# Vermeer 504L baler tail gate not closing - NEED HELP ASAP!



## jsanders (May 26, 2016)

Ok bought a 504L baler a month ago, had the dealership I bought it at put new Hydraulic lines that run from tractor to the hydraulic block. Well they didnt tighten one down so the other day were gettin her ready and opened the tail gate and was about 3/4 of the way back down and the hose that wasnt tightened down pops off. Luckily it didnt strip the threads, we cleaned it up and put back together but ever since then the tail gate will raise but wont go down. We have bled it we have checked for trash in line going to tractor, adjusted the valve on the block, nothing is working. Can someone help us out please, any thoughts or advice is welcome. Thanks


----------



## rajela (Feb 15, 2014)

I am sure you replaced the lost fluid from the hose blowing off. Can you loosen a line at the gate and let the gate back down? might try that and work the gate up and down a few times? Not familiar with the Vermeer product but assuming it is just a hyd cylinder that opens the gate.


----------



## jsanders (May 26, 2016)

yes we have replaced hydraulic fluid, it is 2 hyd. cylinders that raises and lowers the gate, and it raises fine but wont go down, we have bled off the lines several times to let the gate go down, but still will not go down using the hydraulic controls from the tractor.


----------



## rajela (Feb 15, 2014)

Not sure what the problem is but have you swapped the lines at the tractor and see if it will go down and not up.


----------



## r82230 (Mar 1, 2016)

This might sound stupid, but have you tried another tractor? It is possible tractor hyd. are messed up.

Larry


----------



## jsanders (May 26, 2016)

Have tried different tractor, have switched the lines, pretty sure it's not tractor because it was working up and down until that line popped off.


----------



## rajela (Feb 15, 2014)

You switched the hoses and it would still go up but not down? If you crack the lines on the cylinder side of the valve block will it go down? right where the return line enter the block coming from the cylinders.


----------



## rajela (Feb 15, 2014)

I would start cracking lines from the cylinders back to the tractor and find out where the flow is stopping at.


----------



## rajela (Feb 15, 2014)

Do you have the owners manual. There might be some type of equalizing valve in the block that might need to be reset.


----------



## rajela (Feb 15, 2014)

Have you got another quick couple end that you can swap out for the one that is on the hose that blow apart? I am assuming the blown line was the return line.


----------



## Wethay (Jul 17, 2015)

Is there a valve to hold the gate up so it doesn't get let down on a person working there?


----------



## Tim/South (Dec 12, 2011)

Do you have a float position on the hydraulic control? Wondering if the weight of the gate will close or bleed air out of the cylinders in float position?

Also try various RPM's.


----------



## Gearclash (Nov 25, 2010)

I wonder if there is a load check valve on the tractor messed up by the hose failure.


----------



## rajela (Feb 15, 2014)

I wonder if he ever got this issue resolved.....kinda annoying to not know if he ever go it fixed or not....


----------



## Tim/South (Dec 12, 2011)

They are probably still getting it figured out.
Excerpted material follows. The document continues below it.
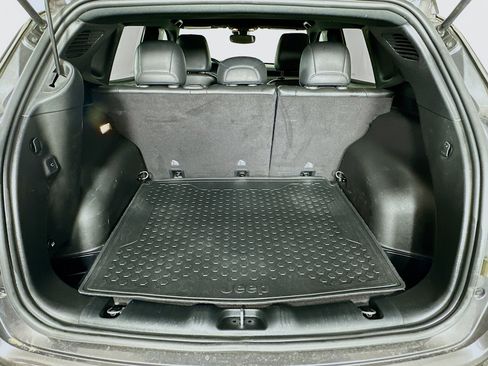 Used 2022 Jeep Compass Altitude w/ Convenience Group image 27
Hopefully he will share the eventual cure. It is always nice to know for future reference.


----------



## rajela (Feb 15, 2014)

I am betting some one accidentally tripped the gate safety lever while it was up and did not realize it. I never thought about that until Wethay mentioned it. I have had make a lot of extra trips to release the safety lever on my Deere.


----------



## r82230 (Mar 1, 2016)

rajela said:


> I am betting some one accidentally tripped the gate safety lever while it was up and did not realize it. I never thought about that until Wethay mentioned it. I have had make a lot of extra trips to release the safety lever on my Deere.
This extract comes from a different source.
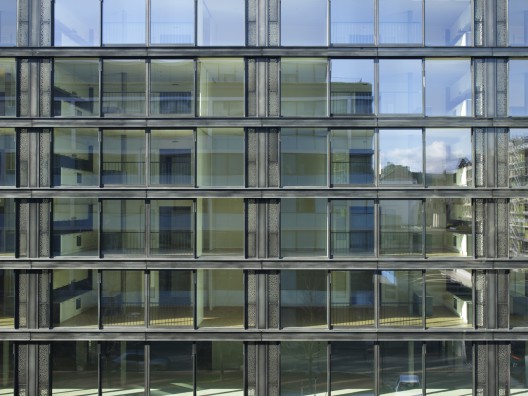 Coral House / group8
I'll agree, some dummy has done that around my place also. Nothing like getting extra exercise climbing in and out of tractor, then kicking yourself in the a$$. Dang, if my wife had married someone a little sharper (gotta blame someone else, don't ya). 
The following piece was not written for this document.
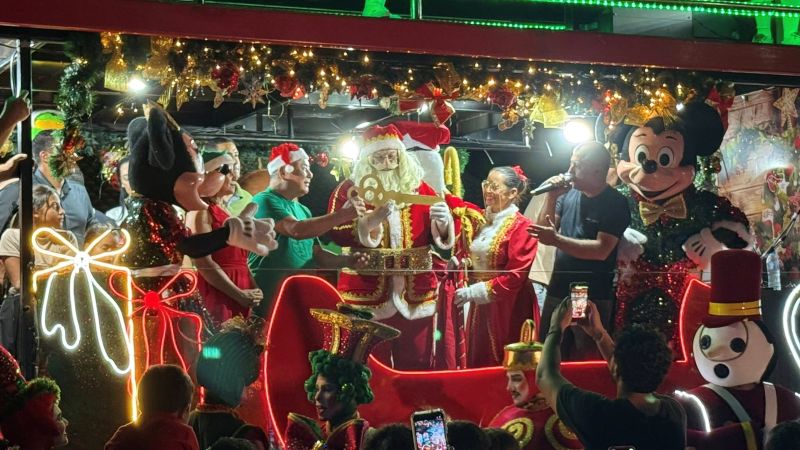 Magia e emoção marcam chegada do Papai Noel em Quarto Centenário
And as Tim/south says, hopefully, the solution will be shared for all of our increased knowledge, possibly saving others the pain, with hay waiting to be baled.


----------



## E220 (Feb 10, 2016)

First, triple check the tailgate lock. But if the tailgate opens, it is likely not the problem.

Remove the few bolts that hold the cover over the valve block.

There is a restrictor valve in the circuit to keep the tail gate from slamming. I think it is labeled RV2 and is on the opposite side of the block from the belt tension adjustment. Put the tractor in float and use an allen wrench to open this valve. after the tailgate is down, remove the valve and check for dirt etc.

Evan

[email protected]


----------



## jsanders (May 26, 2016)

Thanks guys, have actually already done most of the things that yall have put on here, even adjusted and checked the RV2 valve, still not going down. It is not locked, have tried different tractor, have flipped hoses, may try changing connectors next. Keep coming with any more ideas, thanks for the help.


----------



## Coalburner (Jan 8, 2016)

I had the male hydraulic tip go bad once and it done the same thing? They aren't very expensive to replace and that might be a issue. If that isn't the problem I might would try the splitter valve assembly, mine on a 505 super I is on the right side of the baler tongue. I also have seen the inside of a hydraulic hose collapse and stop flow also. Hope this helps


----------



## pettibone (Jul 18, 2015)

I had the same problem after replacing one of the hoses on my baler, would open but would not close. After hours of trying to figure it out the new hose I had made at local auto parts store was over crimped and would not let any oil through the line


----------



## jsanders (May 26, 2016)

Keep em coming guys, I've gotten it to come down using the hydraulics but still not right going real slow not even shutting the gate all the way every time. I've already replaced ends on hoses and checked hoses for flow and they were fine. Pretty sure it has something to do with one of the valves on the block but don't know how to tell if they are bad or not, everything seems functional on them but not sure.


----------



## r82230 (Mar 1, 2016)

Jack up pin, unhook hoses, add $25-35K, go to nearest dealer, problem fixed!!! :lol:

Sorry, just came in from raking hay, must be a heatstroke or something.

Larry


----------